■ THE TASK: The listing below should be reproduced precisely, except for its images.

■ RECORDED DATA:
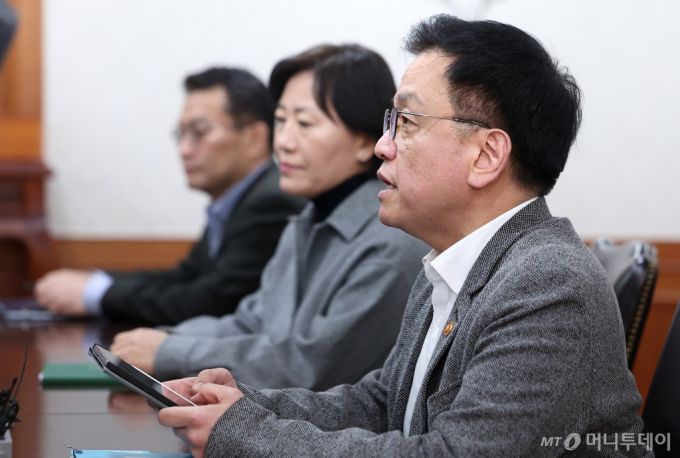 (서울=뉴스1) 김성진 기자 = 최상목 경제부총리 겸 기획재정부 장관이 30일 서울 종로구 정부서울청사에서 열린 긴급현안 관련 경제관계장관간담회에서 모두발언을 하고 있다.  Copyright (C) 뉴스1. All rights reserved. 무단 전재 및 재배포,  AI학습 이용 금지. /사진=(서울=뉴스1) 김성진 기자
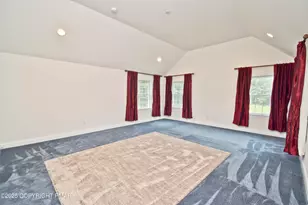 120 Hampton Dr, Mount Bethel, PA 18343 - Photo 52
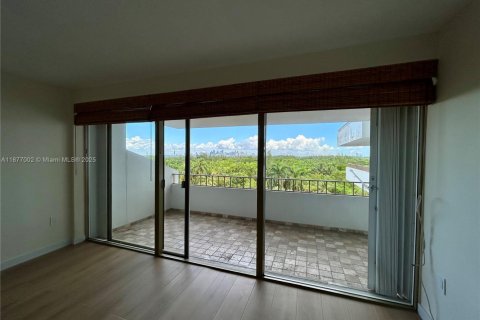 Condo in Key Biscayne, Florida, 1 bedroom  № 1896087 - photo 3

■ RESPONSE TO THE TASK:
 (서울=뉴스1) 김성진 기자 = 최상목 경제부총리 겸 기획재정부 장관이 30일 서울 종로구 정부서울청사에서 열린 긴급현안 관련 경제관계장관간담회에서 모두발언을 하고 있다.  Copyright (C) 뉴스1. All rights reserved. 무단 전재 및 재배포,  AI학습 이용 금지. /사진=(서울=뉴스1) 김성진 기자
 120 Hampton Dr, Mount Bethel, PA 18343 - Photo 52
 Condo in Key Biscayne, Florida, 1 bedroom  № 1896087 - photo 3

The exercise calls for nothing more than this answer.